Effie grita al ver a Cinna y Portia sacándome
de mis pensamientos, no puede dejar de hablar sobre lo emocionante que ha sido nuestra entrada, de como el público
estaba maravillado con nosotros, elogia una y otra vez nuestro adecuado
comportamiento, por supuesto alaba los
llameantes trajes. Katniss se une a la felicitación.
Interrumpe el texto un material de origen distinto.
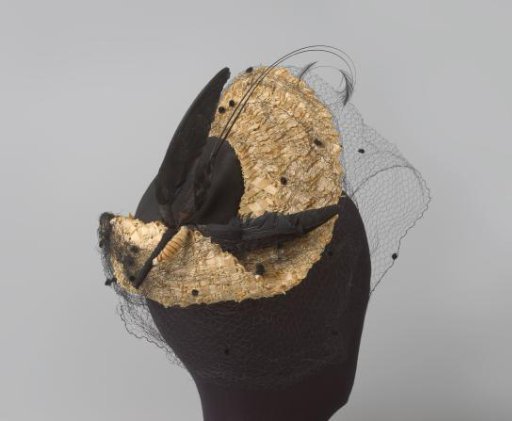 Hat with a flat pancake-shaped dome, with puffed voile and on the right a plume like a flying bird of feathers
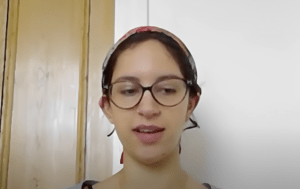 A young woman wearing a bandana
-El fuego se veía increíble son unos
genios en serio, gracias- dice Katniss con una sonrisa sincera y yo lo confirmo
con la cabeza.
-Que bueno que les gusto –responde
tranquilo Cinna
-Honestamente lo que mas nos gusto, es
no haber terminado asados-
respondo aliviado provocando la risa de todos, me ahorro decir que en realidad no
lo dije en broma.
Portia nos toma del brazo a los tributos
siguiendo a Effie que nos da una explicación de cada detalle del Centro de Entrenamiento,
llegamos a la torre donde esta un piso entero para el equipo y tributos de cada
distrito, el nuestro es el piso doce por supuesto.
Si los muebles del tren me parecían
lujosos el decorado de este lugar abruma completamente. La sala, el comedor,
las alfombras, las lámparas, floreros, todo es tan brillante. Se que no soy el único incluso Portia,
Cinna y Effie que están acostumbrados al Capitolio también parecen deslumbrados,
ni que decir de Katniss.
Effie nos conduce a nuestras
habitaciones y nos pide que estemos listos para la cena, igual que en el tren podemos hacer uso
de todo lo que esta aquí.
Me repienso varias veces darme un baño, hoy he tenido
suficientes duchas como para un mes. Así que solo me quito el traje negro y las
botas, el armario es fácil de manejar, lo programo, pronto consigo unos
pantalones y camisa azul marino de tela muy suave, me lavo la cara y decido
recorrer el lugar. En la sala veo a Cinna recargado en el balcón, me acerco
observando el paisaje.
-Que vista
tiene este lugar- digo
-Desde aquí nos
estorba el cristal de la ventana ¿quieres ver algo mucho mejor?
-Claro- respondo
animado
Cinna me conduce por un pasillo interior
hasta una escalera que sube al techo del edificio, siendo nuestro piso el último
tenemos acceso directo a este lugar. Apenas abre la puerta siento el aire
fresco en mi rostro. Arriba hay una cúpula que protege del sol, con algunas
bancas y mesillas en ella donde puedes disfrutar de la vista de la casi toda la
ciudad. Junto a la cúpula esta un jardín que llama mi atención por
los cientos de carillones agitándose como campanillas al compás del viento, arbustos y flores naturales rodean un
camino que se dirige a la orilla del tejado dando paso a la enormidad de El Capitolio.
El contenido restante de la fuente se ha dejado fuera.